The opinion of the court was delivered by: With the title of the commonwealth in his pocket, Satterlee has by this act been denied the right of defending his possession by it. He has been obliged to confess his possession to be the possession of an alien claimant, whose it never was, and never could have been by any judicial decision that was not suicidal to the state sovereignty. He has been bound in fealty to a landlord to whom, if according to the ancient custom he had taken the oath of homage, it would have been an abjuration of his allegiance to the state; for that landlord claims, in breach of his allegiance, the title of a foreign state. Yet by this act the strong arm of the state is to be exerted to dispossess her grantee, and to deliver it over to the favoured alien claimant who had asserted a title in criminal violation of her laws. And to consummate the injustice as far as the most absolute power could do it, her courts of justice are forever to be closed against a claim on her violated and useless patent. If an individual thus attempted to re-assume the rights he had granted, he would be met by the doctrine of estoppel. For states who have the power to execute their arbitrary will, there is no estoppel but that which is to be found in the paramount law of the constitution, firmly enforced by an independent judiciary. If this act had given Satterlee's estate to a claimant on a title perfectly void, it could not have committed a more flagrant violation of justice and of the constitution; for this title was not only void, but could not have been otherwise than criminally asserted.
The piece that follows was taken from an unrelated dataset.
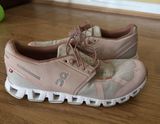 Running Shoes Photo 0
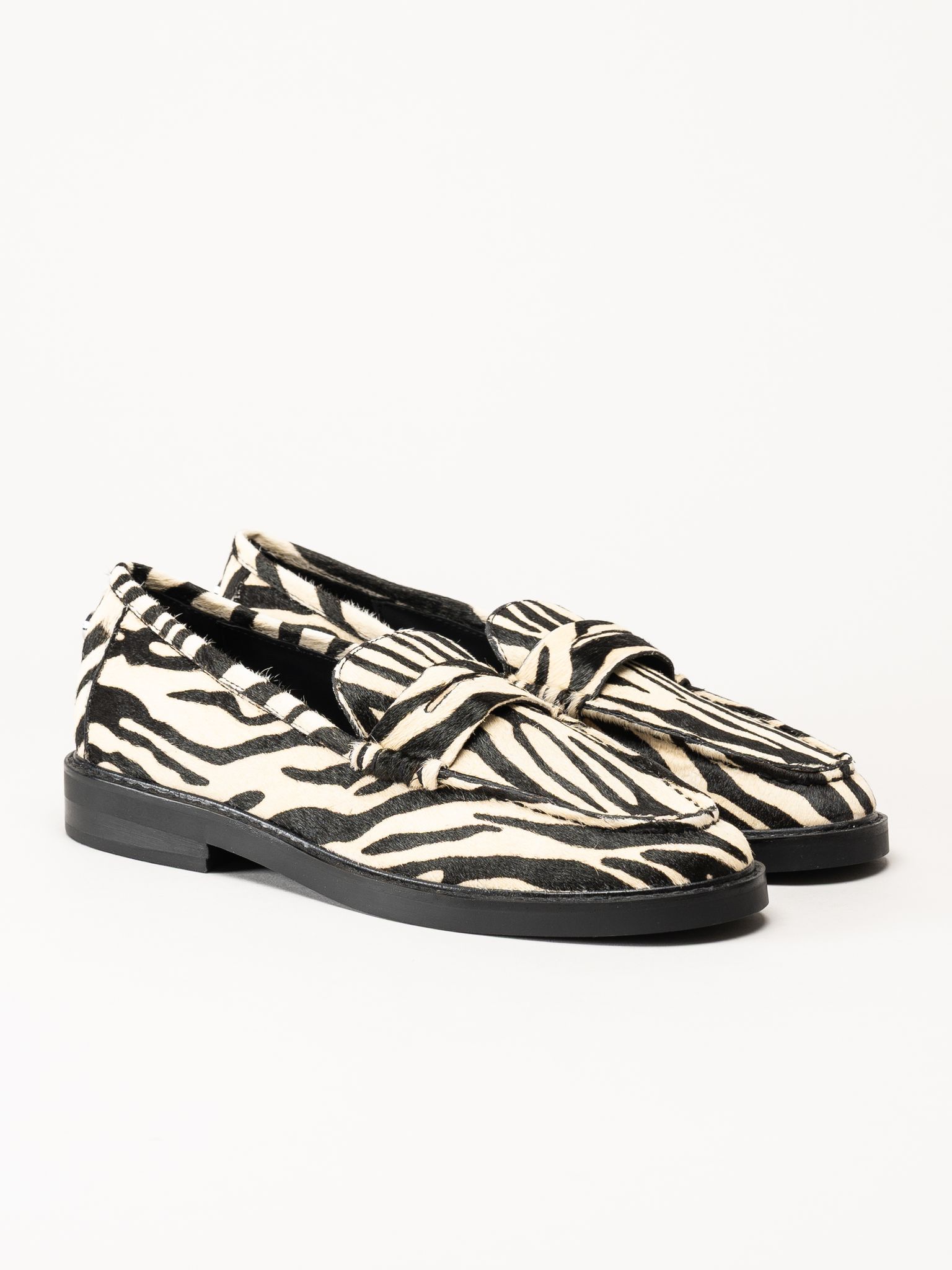 Steve Madden - Adison - Zebramönstrade loafers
It was an attempt by the legislature to encroach upon the judicial power; was passed at the next session, in terms precisely the reverse of the decision of the court, and applied to pending suits, when probably no suit but this was pending to which it was applicable.

If the legislature can thus, by a retrospective act, divest a citizen of his estate, there is no safety for our boasted rights and liberties. It is as impossible to make laws to operate upon the past, without the usurpation of despotic power, as it is to recal the past. Law is a rule of action; but a law which did not exist when an action was performed, could not have been a rule for that action. To make a rule for it after the action is performed, is to substitute the will of the legislature for a rule, which is despotism itself; for what that will may be no man can foresee, and it is the same whether it proceeds from an American legislator or an eastern despot. The Court cannot be unmindful that legislative bodies sometimes act under the impulse of strong and sudden excitement; sometimes inadvertently; that sometimes the good intentions of the many, may be misled by the management and intriguing talent of the few; and a case has been referred to which shows that they are not always inaccessible to corrupt influences.
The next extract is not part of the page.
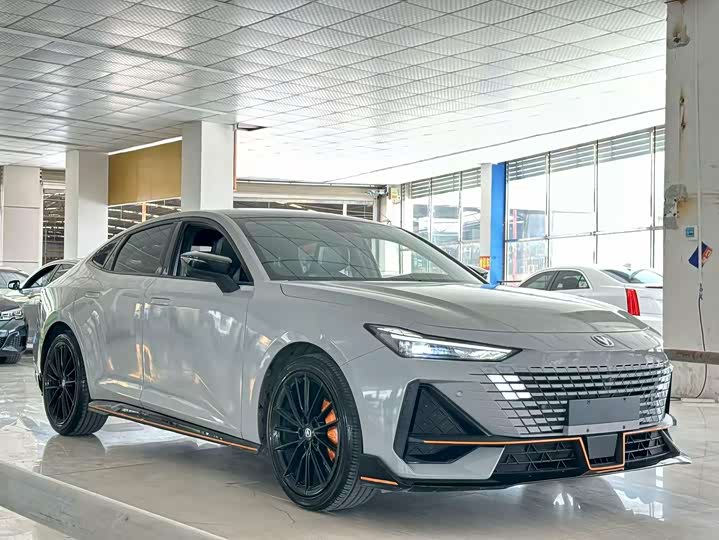 Фото 3 - Changan UNI-V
This Court would not suffer counsel to argue a question so plain as that a legislature could not declare what a law was. Ogden vs. Blackledge, 2 Cranch, 276. This act changes the acknowledged law for the past. It has decided that state bankrupt laws are unconstitutional in respect to contracts made previous to their passage (Sturgess vs. Crowninshield, 4 Wheat. 122); though constitutional in respect to contracts made after their enactment. Ogden vs. Sanders, 12 Wheat. 261.

Retrospective laws are invalid at common law. 7 Johns. 477; 2 Johns. 263; 13 Serg. & Rawle, 353. Nor can property be taken away, not even for public use, without compensation. 2 Dall. 304; 2 Johns. 263; 2 Johns. Cha. Rep. 162; 8 Johns. 388. The principle being the same at common law and under the constitution, they are applicable to this case.

The recovery in ejectment is conclusive evidence of the plaintiff's right to recover in an action for the mesne profits. 2 Johns. Rep. 371; 2 Dall. 156; 2 Burr. 665.

If this judgment is affirmed, Satterlee will lose the rents and profits which he would have held as his own, but for the effect of the act in question.

In Green vs. Biddle, this Court decided laws of Kentucky to be unconstitutional which deprived the owner of a right to recover any part of the profits on a recovery of his land.

The act having brought Satterlee within the operation of the statute of limitations, if he be dispossessed by the affirmance of this judgment, it has totally deprived him of all remedy. By the loss of all remedy all right is gone. For every right it is a maxim that there is a legal remedy for its violation. The converse of this must therefore be true, and if there be no remedy there is no right.

If this Court has not decided that the destruction of all remedy by a state law is an unconstitutional act, the several judges have at least expressed such an opinion. C. J. Marshall, 4 Wheaton, 207; Justice Washington, 12 Wheaton, 271, 267; Justice Johnson, 286; Justice Thompson, 295, 301; Justice Trimble, 327; Justice Story, 8 Wheaton, 12; and state decisions, 5 American Law Journal, 520, 8 Mass. 423, 430, 12 Serg. & Rawle, 358.

Mr Sutherland, for the defendant:

The question submitted in the present case was one of great interest; not only to the defendant, but also to the free exercise of the legislative powers of the state of Pennsylvania. The question arose out of the act of the assembly of the state, entitled 'an act relating to Connecticut settlers,' passed the 8th day of April 1826.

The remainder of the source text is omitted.